Kural olarak Yüksek Sağlık Kurulunca verilen karar Sosyal Güvenlik Kurumunu bağlayıcı nitelikte ise de, diğer ilgililer yönünden bir bağlayıcılığı olmadığından Yüksek Sağlık Kurulu Kararına itiraz edilmesi halinde inceleme Adli Tıp Kurumu aracılığıyla yaptırılmalıdır. Yargıtay İçtihadı Birleştirme Büyük Genel Kurulunun 28.06.1976 günlü, 1976/6-4 sayılı Kararı da bu yöndedir.
Adli Tıp 3. İhtisas Kurulundan alınacak rapor ile Yüksek Sağlık Kurulu Kararı arasında sürekli iş göremezlik oranına yönelik görüş ayrılığı bulunduğu takdirde çelişkinin giderilmesi için dosyanın Adli Tıp Genel Kuruluna gönderilerek çıkacak sonuca göre karar verilmesi gerekir.

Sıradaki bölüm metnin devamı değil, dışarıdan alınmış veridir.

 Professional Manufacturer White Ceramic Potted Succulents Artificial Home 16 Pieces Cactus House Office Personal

Somut olayda, iş kazası olduğu iddia olunan olayın Sosyal Güvenlik Kurumuna bildirilmediği anlaşılmaktadır. Kurumca sigortalıya gelir bağlanabilmesi için öncelikle zararlandırıcı olayın iş kazası niteliğince olup olmadığının tespiti ön sorundur. İş kazasının tespiti ile ilgili ihtilaf Sosyal Güvenlik Kurumunun hak alanının doğrudan ilgilendirmekte olup tazminat davasında kurum taraf değildir.

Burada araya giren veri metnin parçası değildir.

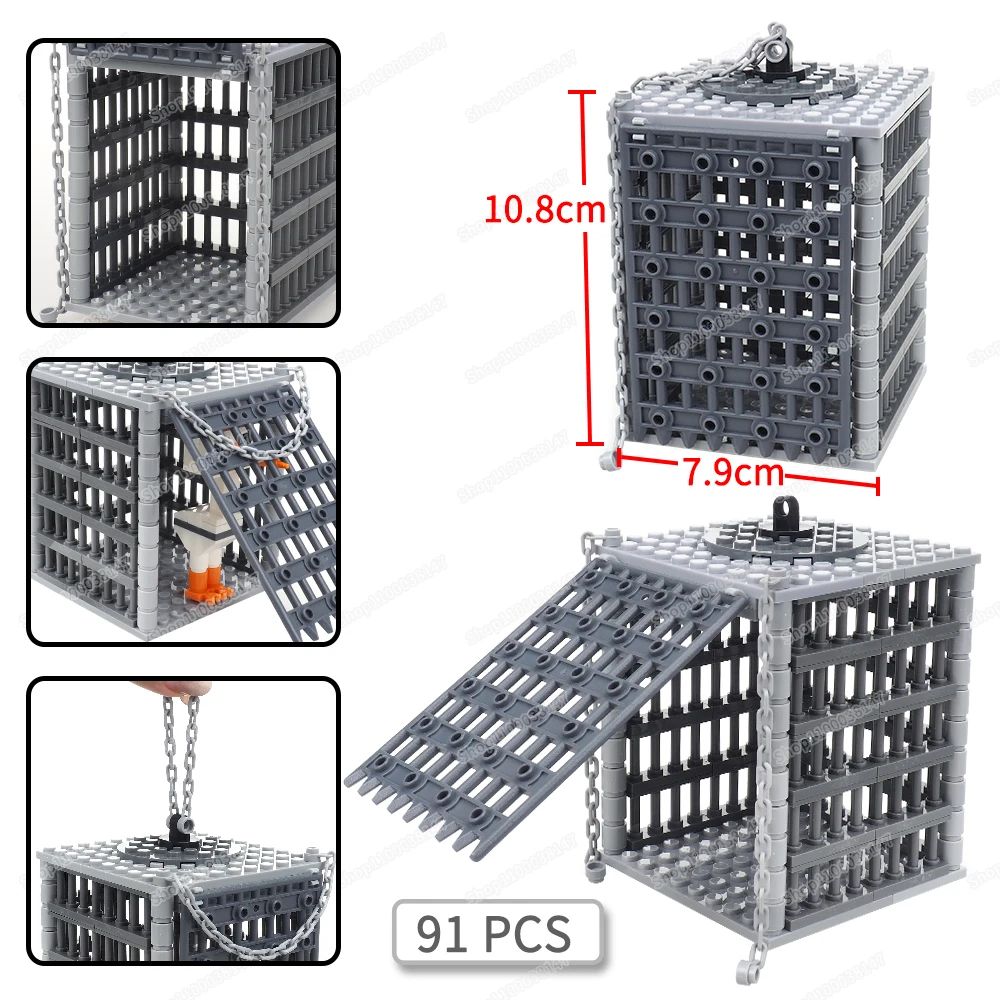 Polygons Cages Chains Enclosures Building Blocks Moc Figures Capture Mutations Monsters Equipment Models Children Gifts Boy Toys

Yapılacak iş; davacıya iş kazasını Sosyal Güvenlik Kurumuna ihbarda bulunmak, olayın Kurumca iş kazası olarak kabul edilmemesi halinde Sosyal Güvenlik Kurumuna ve hak alanını etkileyeceğinden işveren aleyhine “iş kazasının tespiti” davası açması için önel vermek, tespit davasını bu dava için bekletici sorun yaparak çıkacak sonuca göre, olayın Kurumca iş kazası olduğunun kabul edilmesi halinde ise davacıya Kuruma müracaat ederek sürekli iş göremezlik oranının belirlenmesi önel vermek, sürekli işgöremezlik derecesi belirlenirken yukarda belirtilen prosedür uygulanarak çıkacak sonuca göre bir karar vermektedir.
Mahkemece bu maddi ve hukuki olgular nazara alınmaksızın olayın iş kazası olup olmadığı ve davacıda oluşan sürekli iş göremezlik oranı belirlenmeden karar verilmesi usul ve yasaya aykırı olup bozma nedenidir.

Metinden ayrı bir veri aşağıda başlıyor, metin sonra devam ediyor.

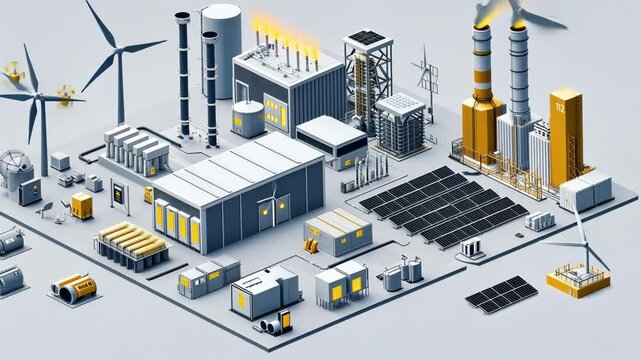 Isometric Illustration of a Modern Energy Power Plant, Featuring Diverse Renewable and Non-Renewable Sources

O halde, davalının bu yönleri amaçlayan temyiz itirazları kabul olunmalı ve hüküm bozulmalıdır.
SONUÇ:Hükmün yukarıda açıklanan nedenlerle BOZULMASINA, sair temyiz itirazlarının şimdilik incelenmesine yer olmadığına, 15/05/2014 gününde oybirliğiyle karar verildi.